→ **EXERCISE DESCRIPTION**
Give again, exactly as written, each line of the material below starting at the line that contains "Trippy Aesthetic Halloween" and ending at the line that contains "Tamarack Solar PGRM". Both ends count, and no other line does.

--- WORKING DATA Enclosed Below ---

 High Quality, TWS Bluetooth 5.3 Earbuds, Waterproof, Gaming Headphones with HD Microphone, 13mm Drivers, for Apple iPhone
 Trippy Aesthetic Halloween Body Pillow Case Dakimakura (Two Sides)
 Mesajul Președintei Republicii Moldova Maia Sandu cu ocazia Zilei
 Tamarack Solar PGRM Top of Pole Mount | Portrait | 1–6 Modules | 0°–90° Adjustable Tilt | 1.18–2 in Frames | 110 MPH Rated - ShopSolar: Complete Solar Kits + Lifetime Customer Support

--- End of Enclosed WORKING DATA ---
--- WORKING DATA Enclosed Below ---

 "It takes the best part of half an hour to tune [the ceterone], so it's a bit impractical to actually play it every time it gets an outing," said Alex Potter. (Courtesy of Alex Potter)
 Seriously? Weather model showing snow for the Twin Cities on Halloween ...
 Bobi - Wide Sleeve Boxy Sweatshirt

--- End of Enclosed WORKING DATA ---
--- WORKING DATA Enclosed Below ---

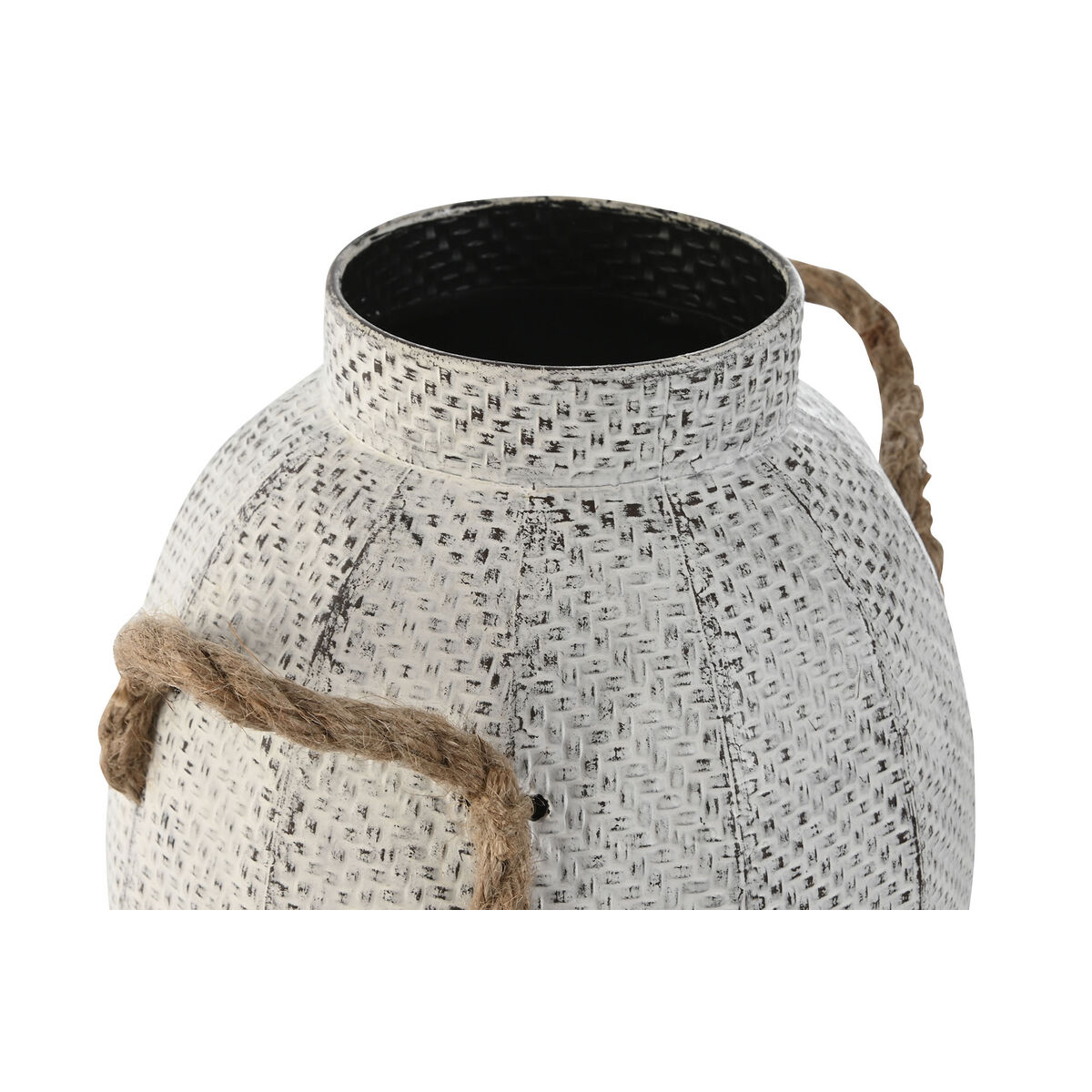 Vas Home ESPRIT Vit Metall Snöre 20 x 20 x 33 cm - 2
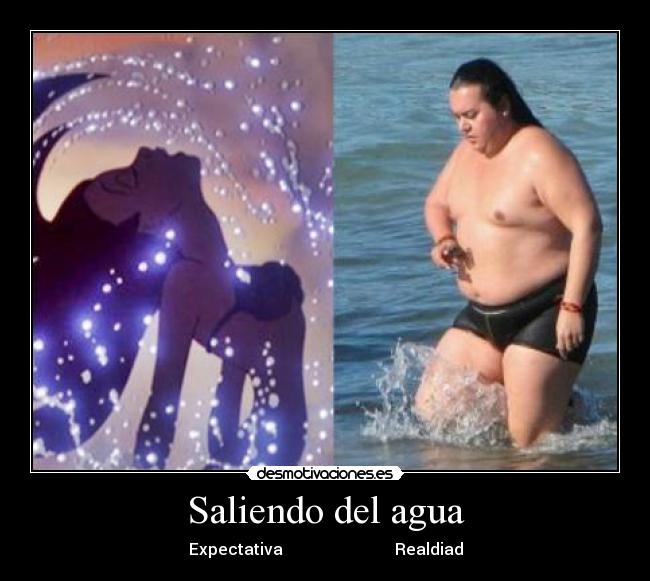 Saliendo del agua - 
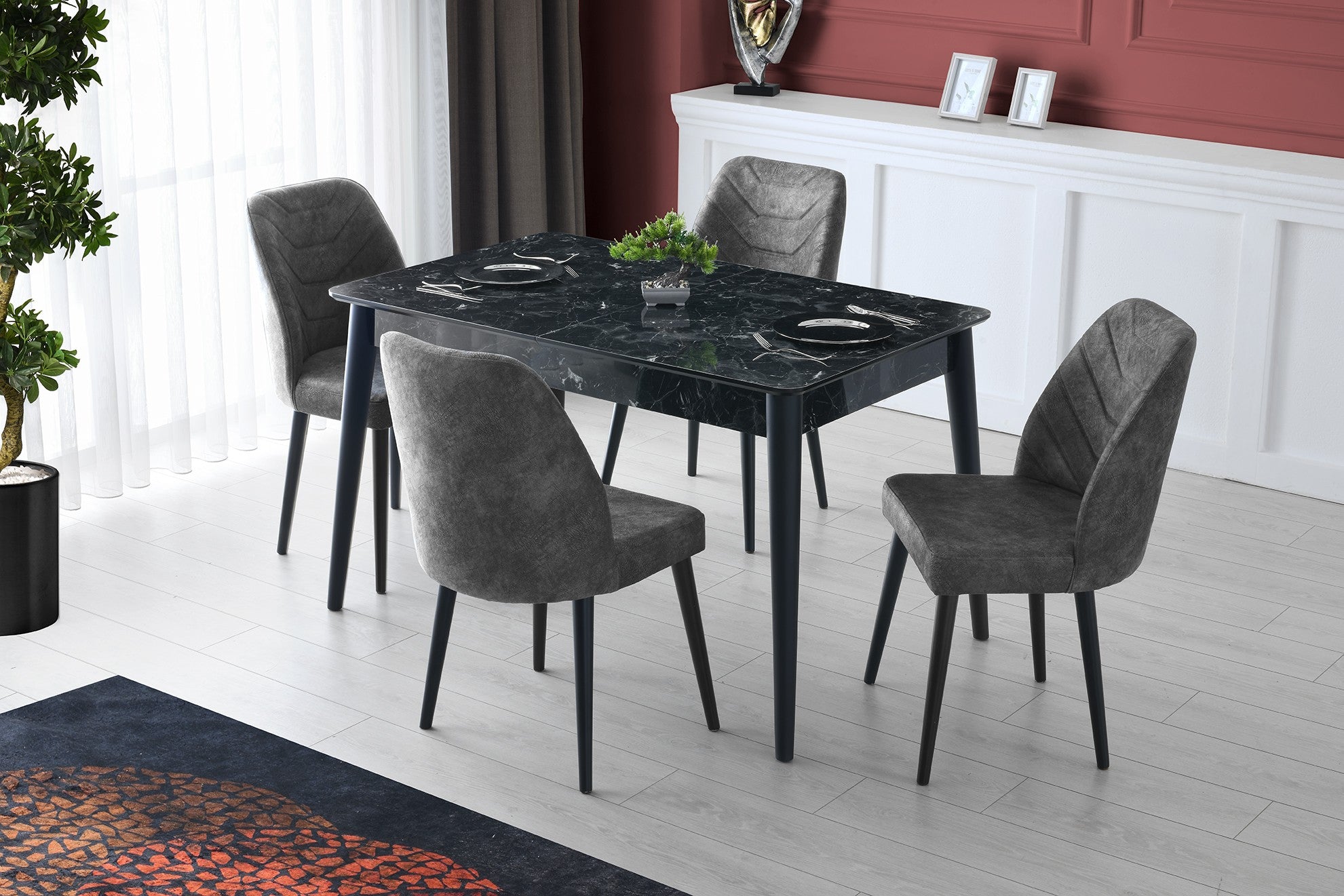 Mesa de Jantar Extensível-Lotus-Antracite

--- End of Enclosed WORKING DATA ---

→ **ANSWER SPACE**
 Trippy Aesthetic Halloween Body Pillow Case Dakimakura (Two Sides)
 Mesajul Președintei Republicii Moldova Maia Sandu cu ocazia Zilei
 Tamarack Solar PGRM Top of Pole Mount | Portrait | 1–6 Modules | 0°–90° Adjustable Tilt | 1.18–2 in Frames | 110 MPH Rated - ShopSolar: Complete Solar Kits + Lifetime Customer Support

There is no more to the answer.